Why Mutation Testing Is Slow (and What to Do About It)

tl;dr: Certain mutations (especially in parsers and loop-heavy code) create non-terminating programs. Vary uses adaptive timeouts, early exit on first failure, and shared compilation caches to keep runs fast despite these pathological mutants.

Mutation testing is powerful. It is also, if you are not careful, slow. Not "large test suite" slow, where adding hardware or parallelism helps linearly. Structurally slow, caused by the interaction between what mutations do and what certain kinds of code do in response.
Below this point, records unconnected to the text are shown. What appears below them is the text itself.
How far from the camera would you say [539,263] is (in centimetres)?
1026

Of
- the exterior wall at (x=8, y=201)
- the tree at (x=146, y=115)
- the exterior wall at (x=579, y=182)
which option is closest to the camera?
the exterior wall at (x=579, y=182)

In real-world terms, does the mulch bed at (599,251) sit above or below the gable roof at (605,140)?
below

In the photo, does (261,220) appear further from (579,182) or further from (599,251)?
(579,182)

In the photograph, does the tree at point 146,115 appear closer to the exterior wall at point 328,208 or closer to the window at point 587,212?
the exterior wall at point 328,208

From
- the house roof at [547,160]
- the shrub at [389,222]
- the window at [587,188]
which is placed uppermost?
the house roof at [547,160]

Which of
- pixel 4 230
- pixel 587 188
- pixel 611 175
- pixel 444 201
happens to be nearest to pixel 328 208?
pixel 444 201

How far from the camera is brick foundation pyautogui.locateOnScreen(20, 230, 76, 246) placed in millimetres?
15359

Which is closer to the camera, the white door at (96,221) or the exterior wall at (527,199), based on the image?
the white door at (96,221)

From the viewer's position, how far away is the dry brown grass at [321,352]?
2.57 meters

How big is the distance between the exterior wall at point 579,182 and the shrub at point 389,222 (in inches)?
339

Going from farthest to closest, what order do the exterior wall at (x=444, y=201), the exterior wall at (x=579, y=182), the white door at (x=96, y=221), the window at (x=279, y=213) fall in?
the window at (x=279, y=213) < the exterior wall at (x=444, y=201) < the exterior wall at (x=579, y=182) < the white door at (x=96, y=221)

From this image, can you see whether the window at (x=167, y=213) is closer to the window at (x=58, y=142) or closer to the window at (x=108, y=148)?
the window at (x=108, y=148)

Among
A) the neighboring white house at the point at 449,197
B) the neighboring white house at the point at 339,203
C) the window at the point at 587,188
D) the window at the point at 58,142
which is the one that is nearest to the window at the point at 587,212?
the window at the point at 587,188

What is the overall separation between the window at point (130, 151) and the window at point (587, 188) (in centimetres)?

This article explains why some mutation runs take much longer than others and how Vary addresses each cause.

The cost model

A mutation testing run does three things for each mutant.

Phase	What it does
Compile	Type-check the mutated code and generate bytecode
Load	Bring the compiled mutant into memory
Run	Execute the test suite against the mutant

The total wall-clock time is roughly:

total = N_mutants * (compile_time + load_time + test_time)
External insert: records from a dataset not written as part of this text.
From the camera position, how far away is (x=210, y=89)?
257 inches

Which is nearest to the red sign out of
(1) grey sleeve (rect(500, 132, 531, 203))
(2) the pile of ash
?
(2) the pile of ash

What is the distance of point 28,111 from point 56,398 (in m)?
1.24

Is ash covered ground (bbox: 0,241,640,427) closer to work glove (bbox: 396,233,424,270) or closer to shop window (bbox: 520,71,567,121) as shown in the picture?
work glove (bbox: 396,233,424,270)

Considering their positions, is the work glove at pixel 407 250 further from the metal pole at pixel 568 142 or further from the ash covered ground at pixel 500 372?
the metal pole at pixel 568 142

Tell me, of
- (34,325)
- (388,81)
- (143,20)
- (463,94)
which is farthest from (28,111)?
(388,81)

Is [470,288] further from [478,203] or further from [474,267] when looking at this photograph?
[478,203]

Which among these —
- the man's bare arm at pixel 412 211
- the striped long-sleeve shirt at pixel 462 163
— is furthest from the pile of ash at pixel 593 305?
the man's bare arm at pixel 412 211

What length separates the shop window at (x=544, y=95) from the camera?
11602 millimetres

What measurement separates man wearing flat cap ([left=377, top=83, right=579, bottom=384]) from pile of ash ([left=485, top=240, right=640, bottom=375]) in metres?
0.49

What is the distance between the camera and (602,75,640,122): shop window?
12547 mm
For a file with 200 mutants, a 5ms compile, 1ms load, and 10ms test suite, that is 200 * 16ms = 3.2 seconds. Perfectly reasonable.

The problem is that test_time is not always 10ms.

The infinite loop problem

Consider a parser that walks an input string character by character:

def parse_tokens(text: Str, pos: Int) -> Int {
    mut i = pos
    while i < len(text) {
        if text[i] == " " {
            i = i + 1
        } else {
            break
        }
    }
    return i
}

Now consider what happens when the mutation i = i + 1 becomes i = i - 1. The loop variable decrements instead of incrementing. It will never reach len(text). The program runs forever.

Or when i < len(text) becomes i <= len(text). An off-by-one that, depending on what happens at the boundary, may cause an infinite loop by reading past the end of input and never finding the termination condition.

Or when i = i + 1 is removed entirely (a statement-removal mutation). Now i never changes. The loop spins on the same character forever.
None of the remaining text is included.